Ein weiteres Thema ist für Mette von besonderer Bedeutung. „Als Soldat erlebt man viele schlimme Dinge. Aber auch Polizisten, Feuerwehrleute oder Unfallzeugen sind potenziell gefährdet, das sogenannte Posttraumatische Belastungssyndrom, kurz PTBS, zu erleiden.“ Betroffene hätten oft ihr ganzes Leben damit zu kämpfen und würden von anderen oft missverstanden. Mette hält mit seinem Team aus Ärzten und Psychologen auch Vorträge zu dieser psychischen Erkrankung, erklärt die Symptome, die Auslöser und Behandlungsmöglichkeiten.

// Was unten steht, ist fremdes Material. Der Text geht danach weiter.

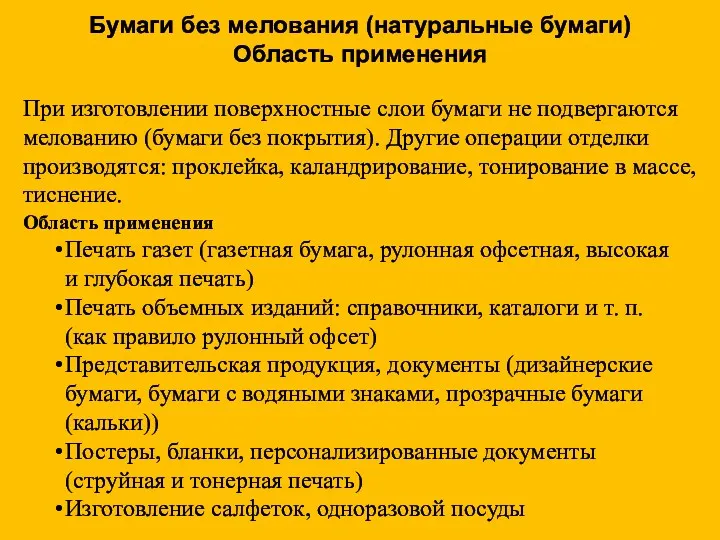 Бумаги без мелования (натуральные бумаги) Область применения При изготовлении поверхностные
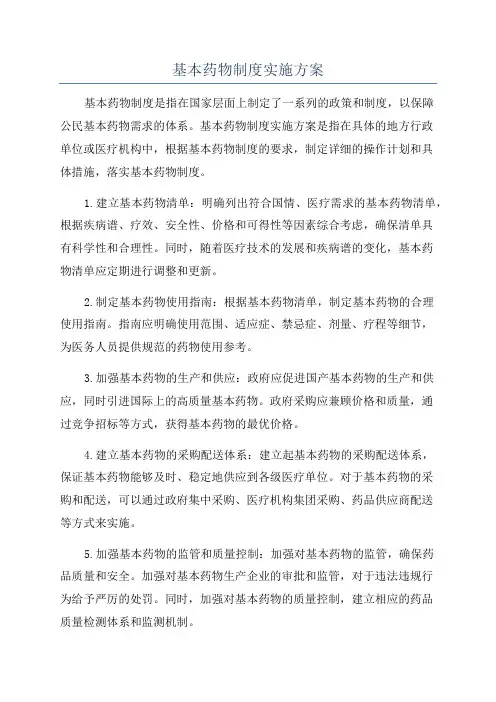 基本药物制度实施方案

In der Bevölkerung sieht er wenig Interesse an der Thematik. Dabei könne es jeden treffen. „Eine Mutter muss nur sehen, wie ihr Kind auf die Straße vor einen Lkw läuft“, sagt er ernst: „Selbst, wenn nichts passiert, kann es sein, dass dieses Erlebnis schon ein Trauma auslöst.“ Letztlich gehe es viele an. Auch Angehörige lernten in seinen Vorträgen, wie sie mit dem Leid der Erkrankten umgehen und sie unterstützen könnten.

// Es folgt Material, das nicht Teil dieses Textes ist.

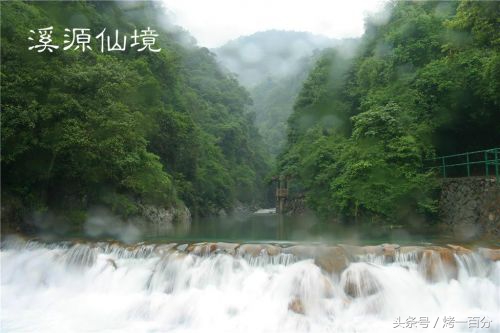 南平宝山旅游景区,福建南平市旅游景点大全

Aus Afghanistan mit nach Deutschland gebracht

Mette gegenüber sitzt Yousof Rezai, ein Afghane, den Mette 2015 nach seinem zweiten Einsatz mit nach Deutschland gebracht hat. Wegen seiner perfekten Englischkenntnisse sei dieser vor Ort von der Bundeswehr als ziviler Dolmetscher eingestellt und dem damaligen Leutnant Mette zugeteilt worden.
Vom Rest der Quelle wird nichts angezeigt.